La mafia e la dimenticanza si combattono con la cultura. L’eredità del Sindaco Pescatore

by Gabriella Longo

Angelo era un pescatore, ma aveva la licenza classica e quando con la sua barca passava davanti ad Elea sapeva che lì era nata la scuola filosofica di Parmenide e Zenone. Lo studio è fondamentale, lui era un uomo molto semplice, ma la storia di un uomo cammina di pari passo con la propria cultura e con la propria intelligenza. L’importante è saper convogliare queste forze nella direzione giusta. Se lo si fa, non ce n’è per nessuno.
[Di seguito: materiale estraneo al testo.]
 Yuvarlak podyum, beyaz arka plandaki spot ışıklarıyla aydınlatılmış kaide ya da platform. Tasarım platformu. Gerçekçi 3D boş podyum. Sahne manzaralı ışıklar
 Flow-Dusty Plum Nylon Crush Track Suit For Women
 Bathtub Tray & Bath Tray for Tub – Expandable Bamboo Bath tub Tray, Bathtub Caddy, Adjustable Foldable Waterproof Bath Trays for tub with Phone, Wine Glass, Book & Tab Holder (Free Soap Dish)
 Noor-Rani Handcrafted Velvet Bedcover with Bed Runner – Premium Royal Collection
Né per la mafia, né per la Camorra né per chi vuole fare traffici vestendo i panni delle istituzioni.

Con queste parole Dario Vassallo ricorda il fratello Angelo in apertura allo spettacolo Il Sindaco Pescatore, tenutosi il 22 marzo presso il Teatro Petruzzelli all’indomani della giornata della memoria delle vittime di mafia. Sul palco insieme a lui il Governatore Michele Emiliano, il sindaco di Bari Antonio Decaro e i tanti amministratori della rete della Fondazione Vassallo, alcuni arrivati dalla Daunia come Rosario Cusmai e i sindaci di Monte Sant’Angelo e Peschici, Pier Paolo d’Arienzo e Franco Tavaglione.

Un messaggio tragicamente vero quello di Dario Vassallo, nonché il trait d’union tra gli episodi che compongono il lungo monologo in cui Ettore Bassi interpreta Angelo Vassallo, sindaco di Pollica dal ’95 per tre mandati, ma anche pescatore illuminato, a cui la natura e il mare avevano insegnato il senso della giustizia e del rispetto.
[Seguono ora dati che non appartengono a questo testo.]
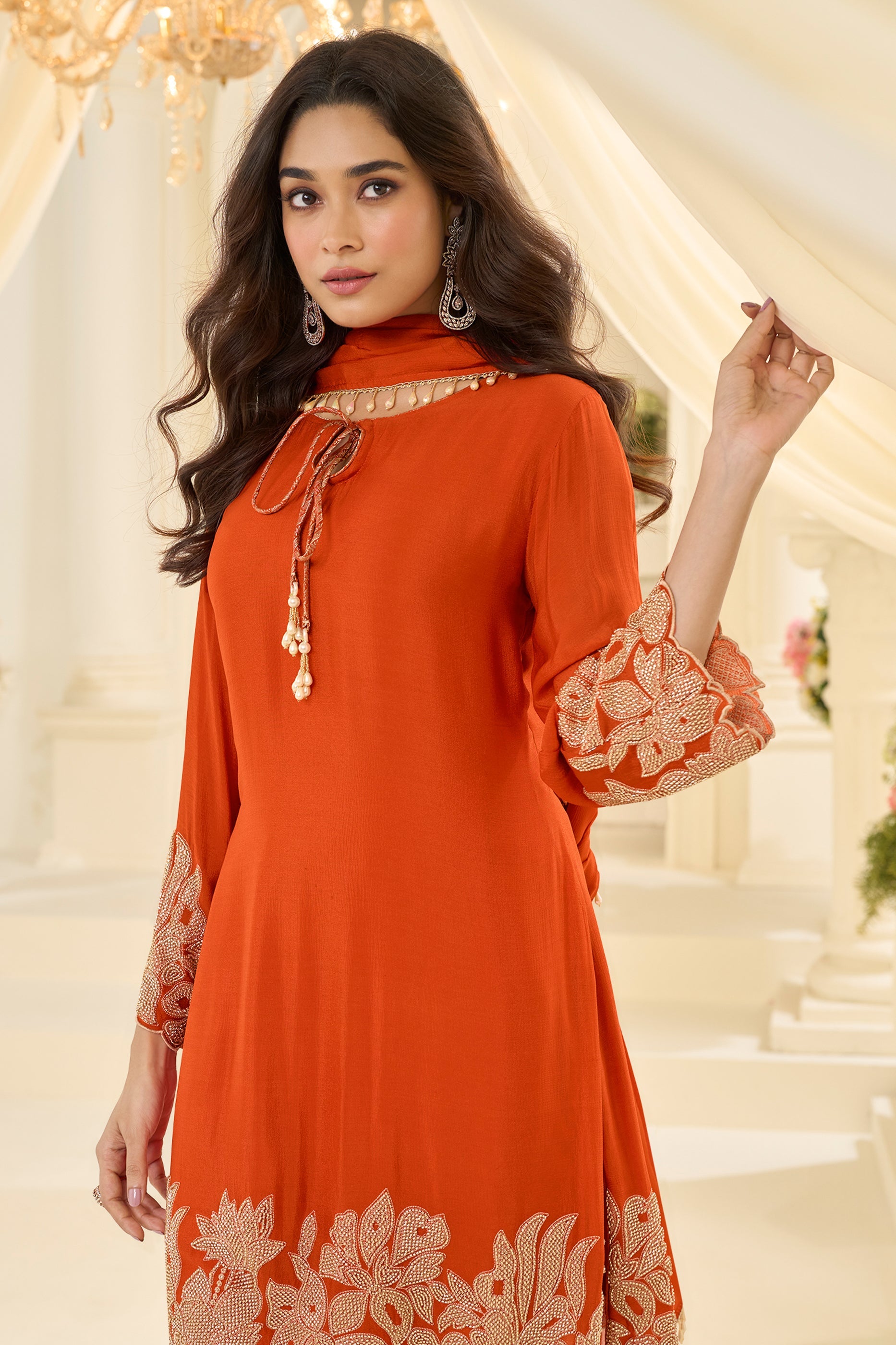 Orange Readymade Bead Work Chinon Silk Suit-SAR12196_2_SareeButa.com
Tratto dall’omonimo libro di Dario, il Sindaco Pescatore – la cui regia è firmata da Enrico Maria Lamanna – è come un album di fotografie. Ci sono tutti i momenti della vita di Angelo, molti dei quali hanno poco o niente a che vedere con la politica, ma semmai con l’incredibile tattilità che hanno certi ricordi: come quella volta in cui il primo cittadino dovette “mettere le mani nella merda” per risolvere un guasto al depuratore, o come quando, cadute in mare, stese al sole un mucchio di banconote appartenenti a quello che sarebbe diventato poi un suo amico, o, ancora, come quando salvò dall’estinzione l’odoroso giglio di mare del porto di Pollica. A Ettore Bassi non sono serviti altro che sé stesso e la sua voce, all’interno di una scenografia giustamente minimale, per ripercorrere la vita e la carriera di un uomo sostenitore fervido e instancabile della solidarietà, della legalità e della bellezza, tragicamente ucciso il 5 settembre 2010 per mano di assassini tutt’oggi ancora ignoti.
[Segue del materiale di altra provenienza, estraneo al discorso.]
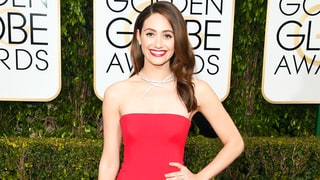 Emmy Rossum Makes a Statement With Her Retro Red Lip, Dramatic Eye Makeup at the Golden Globes 2016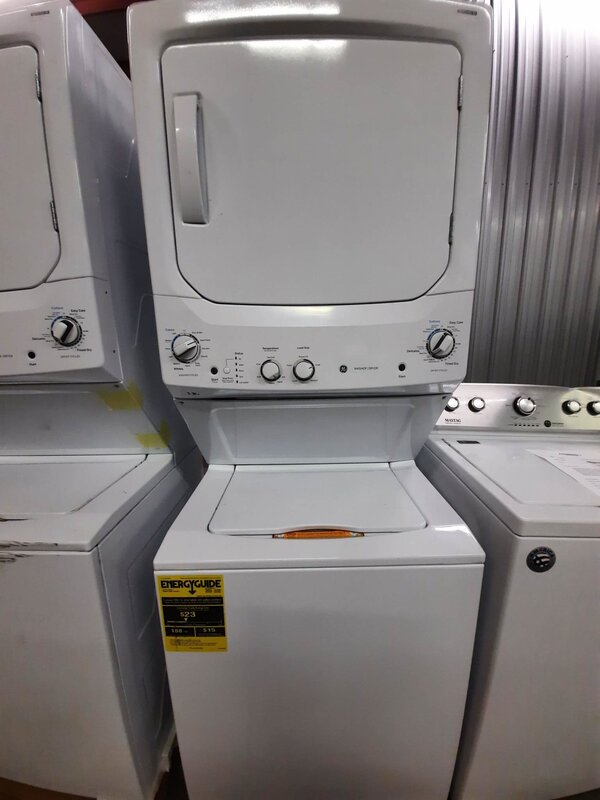 GE *GE GUD27ESSMWW  27 Inch  Stacked Laundry Center with 3.8-cu ft Washer and 5.9-cu ft Dryer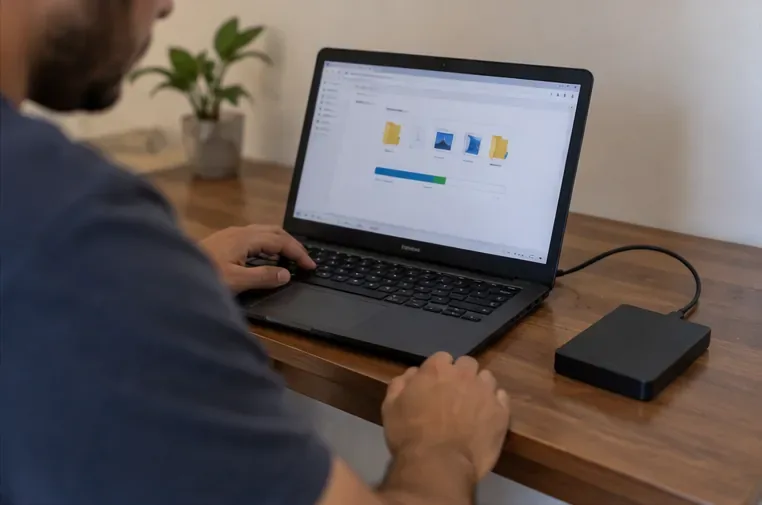 Pessoa fazendo cópia de arquivos de um notebook para uma unidade externa antes do descarte do computador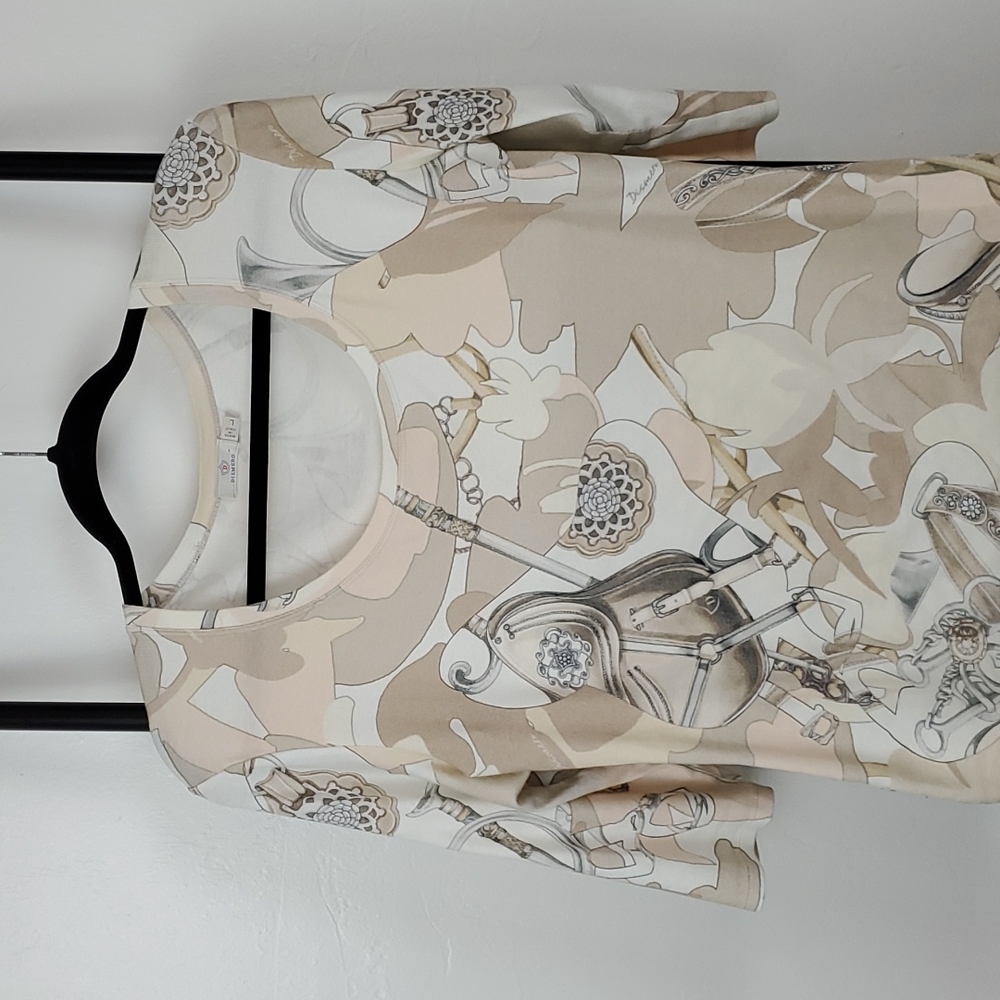 Dismero top round neck 3/4 sleeve women size L made in Italy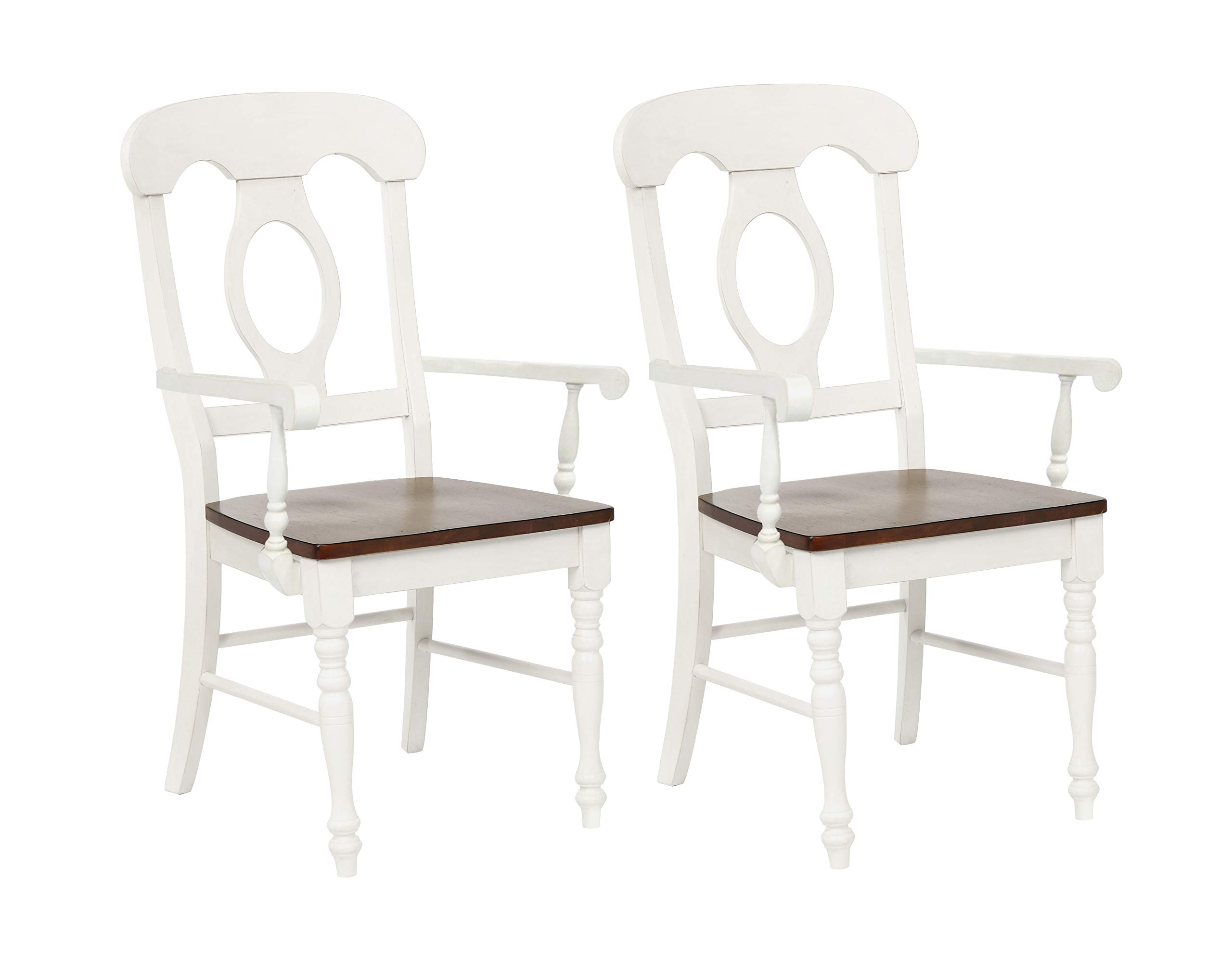 Sunset Trading Andrews Arm Chair, Set of 2, Distressed Antique White and Chestnut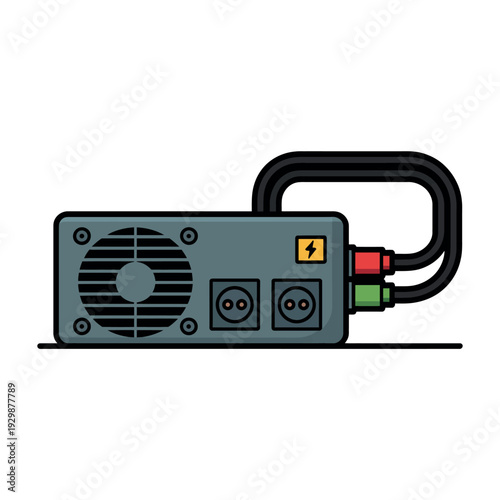 A cartoon image of a power supply unit with a black cord and electrical outlets on a white background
Accanto a Dario Vassallo, Michele Emiliano promette solidarietà: “Non smetteremo mai di cercare la verità”. Angelo Vassallo (Ettore Bassi), rivolge il suo monologo a un “tu”, e cioè all’assassino senza volto. Raccontando la sua vita, non solo la mette a disposizione di chi glie l’ha sottratta ma ne dà anche un po’ a chi è al di qua della quarta parete, a noi che, indipendentemente dalle istituzioni, dovremmo essere in grado di cercare quella verità ogni giorno, per non diventare le prossime vittime dell’ignoranza e poterci difendere dall’oscurantismo con l’unica arma che valga davvero la pena di essere usata, e cioè il sapere.

Come poteva il Sindaco Pescatore non aver letto Il Vecchio e il mare… e se lo chiede, ad un certo punto, Angelo/Ettore Bassi, se il suo assassino, fuori da ogni cliché, semplicemente, impugnasse la pistola perché non aveva potuto stringere un libro. Quello di Hemingway, ad esempio.